What to do>
Would you tally how many lines in the records include the word "Drive"? Reply with the number only.

Brief descriptive captions>
# # # #
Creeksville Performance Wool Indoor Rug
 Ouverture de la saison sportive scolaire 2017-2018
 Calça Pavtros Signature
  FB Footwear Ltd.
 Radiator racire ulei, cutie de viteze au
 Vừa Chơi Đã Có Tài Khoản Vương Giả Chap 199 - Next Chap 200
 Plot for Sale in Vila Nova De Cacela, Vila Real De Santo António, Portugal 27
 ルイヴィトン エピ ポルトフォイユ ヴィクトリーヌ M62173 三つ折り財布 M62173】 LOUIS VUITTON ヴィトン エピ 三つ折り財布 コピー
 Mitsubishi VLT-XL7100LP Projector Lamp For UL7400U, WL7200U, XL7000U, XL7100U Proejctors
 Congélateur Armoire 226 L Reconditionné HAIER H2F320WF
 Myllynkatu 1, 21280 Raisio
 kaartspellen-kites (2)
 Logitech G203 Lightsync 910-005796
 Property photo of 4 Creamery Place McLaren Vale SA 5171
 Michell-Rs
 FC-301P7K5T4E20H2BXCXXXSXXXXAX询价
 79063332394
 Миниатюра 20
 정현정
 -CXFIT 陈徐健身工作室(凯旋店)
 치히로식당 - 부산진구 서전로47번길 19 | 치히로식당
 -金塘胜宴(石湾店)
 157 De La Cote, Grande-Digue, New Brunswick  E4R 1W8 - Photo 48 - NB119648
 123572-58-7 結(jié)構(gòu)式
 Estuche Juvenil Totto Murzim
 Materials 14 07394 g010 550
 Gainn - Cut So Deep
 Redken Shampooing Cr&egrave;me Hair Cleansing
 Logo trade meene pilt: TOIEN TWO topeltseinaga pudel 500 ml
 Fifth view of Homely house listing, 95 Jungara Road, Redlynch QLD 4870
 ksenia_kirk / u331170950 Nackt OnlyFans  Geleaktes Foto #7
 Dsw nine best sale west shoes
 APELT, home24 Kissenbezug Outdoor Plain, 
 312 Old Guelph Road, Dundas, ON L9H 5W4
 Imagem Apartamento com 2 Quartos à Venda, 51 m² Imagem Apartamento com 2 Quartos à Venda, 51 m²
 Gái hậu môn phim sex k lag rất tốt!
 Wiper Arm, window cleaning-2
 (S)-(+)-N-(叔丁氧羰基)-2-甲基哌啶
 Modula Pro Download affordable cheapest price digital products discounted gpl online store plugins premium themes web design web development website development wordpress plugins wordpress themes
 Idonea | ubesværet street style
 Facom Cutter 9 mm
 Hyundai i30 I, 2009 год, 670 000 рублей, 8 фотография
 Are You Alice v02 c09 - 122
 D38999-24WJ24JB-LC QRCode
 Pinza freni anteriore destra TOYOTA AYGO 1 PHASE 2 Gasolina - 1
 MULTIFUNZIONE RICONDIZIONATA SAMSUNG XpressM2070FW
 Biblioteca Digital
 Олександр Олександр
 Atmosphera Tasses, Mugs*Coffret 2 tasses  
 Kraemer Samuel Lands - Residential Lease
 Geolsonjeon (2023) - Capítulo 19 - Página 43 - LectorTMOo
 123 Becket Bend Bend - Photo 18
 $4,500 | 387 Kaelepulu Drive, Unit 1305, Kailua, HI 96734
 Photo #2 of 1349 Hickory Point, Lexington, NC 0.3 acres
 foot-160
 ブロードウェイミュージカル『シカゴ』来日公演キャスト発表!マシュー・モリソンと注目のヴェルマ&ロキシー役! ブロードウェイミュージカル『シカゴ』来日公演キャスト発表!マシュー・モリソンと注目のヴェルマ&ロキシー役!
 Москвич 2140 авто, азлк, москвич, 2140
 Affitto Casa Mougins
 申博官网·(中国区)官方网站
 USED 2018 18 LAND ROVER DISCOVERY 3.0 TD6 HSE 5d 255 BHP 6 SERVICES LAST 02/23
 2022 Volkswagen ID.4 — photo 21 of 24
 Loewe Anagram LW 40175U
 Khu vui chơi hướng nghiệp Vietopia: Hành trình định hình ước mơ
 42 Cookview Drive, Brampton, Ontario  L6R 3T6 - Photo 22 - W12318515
# # # #
Task output>
2